Only the images are to be dropped; the records themselves must be repeated exactly.

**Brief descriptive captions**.
------------

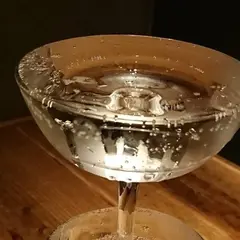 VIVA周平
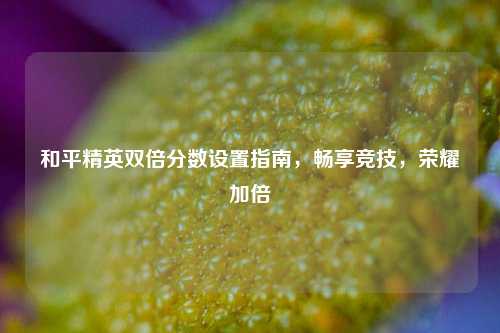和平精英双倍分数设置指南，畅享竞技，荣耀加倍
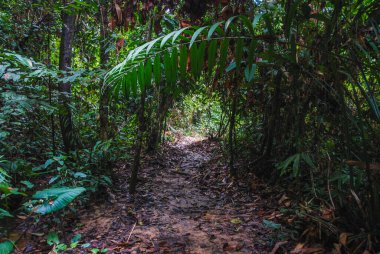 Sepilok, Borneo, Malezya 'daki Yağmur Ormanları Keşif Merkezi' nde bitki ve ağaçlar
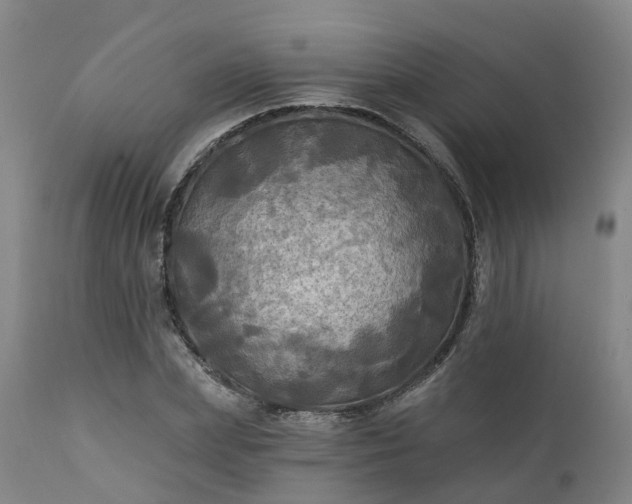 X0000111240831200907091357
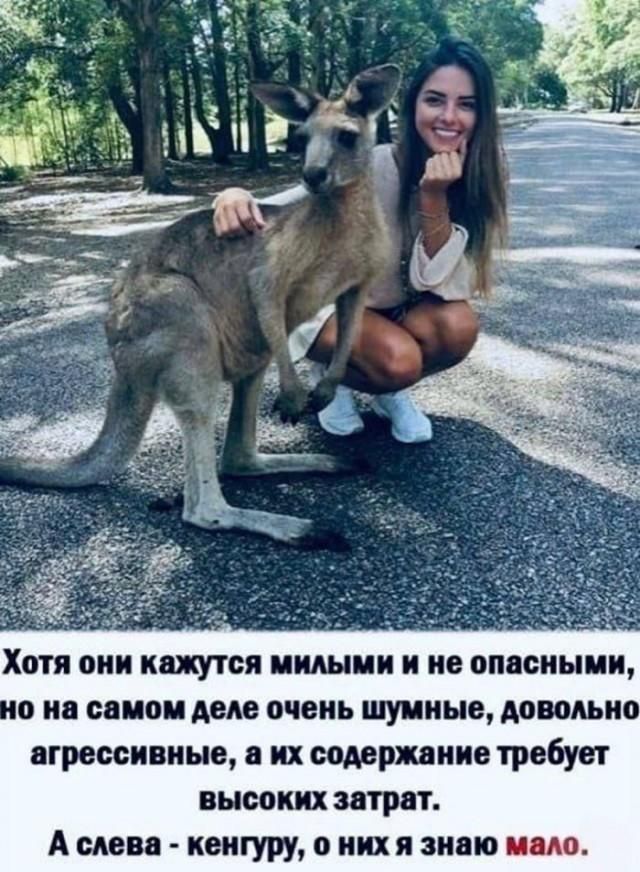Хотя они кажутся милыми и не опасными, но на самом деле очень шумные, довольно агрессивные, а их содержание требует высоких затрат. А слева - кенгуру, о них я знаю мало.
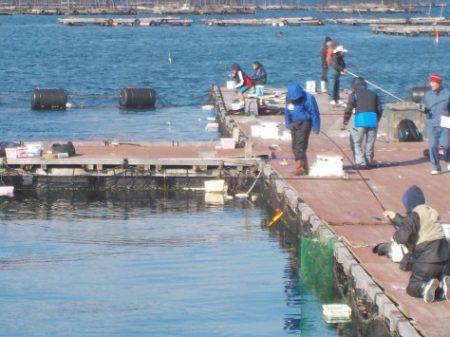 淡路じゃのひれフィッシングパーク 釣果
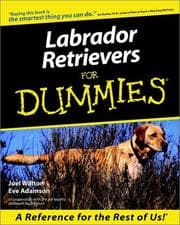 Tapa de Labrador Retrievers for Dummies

------------

**Your solution**.
 VIVA周平
和平精英双倍分数设置指南，畅享竞技，荣耀加倍
 Sepilok, Borneo, Malezya 'daki Yağmur Ormanları Keşif Merkezi' nde bitki ve ağaçlar
 X0000111240831200907091357
Хотя они кажутся милыми и не опасными, но на самом деле очень шумные, довольно агрессивные, а их содержание требует высоких затрат. А слева - кенгуру, о них я знаю мало.
 淡路じゃのひれフィッシングパーク 釣果
 Tapa de Labrador Retrievers for Dummies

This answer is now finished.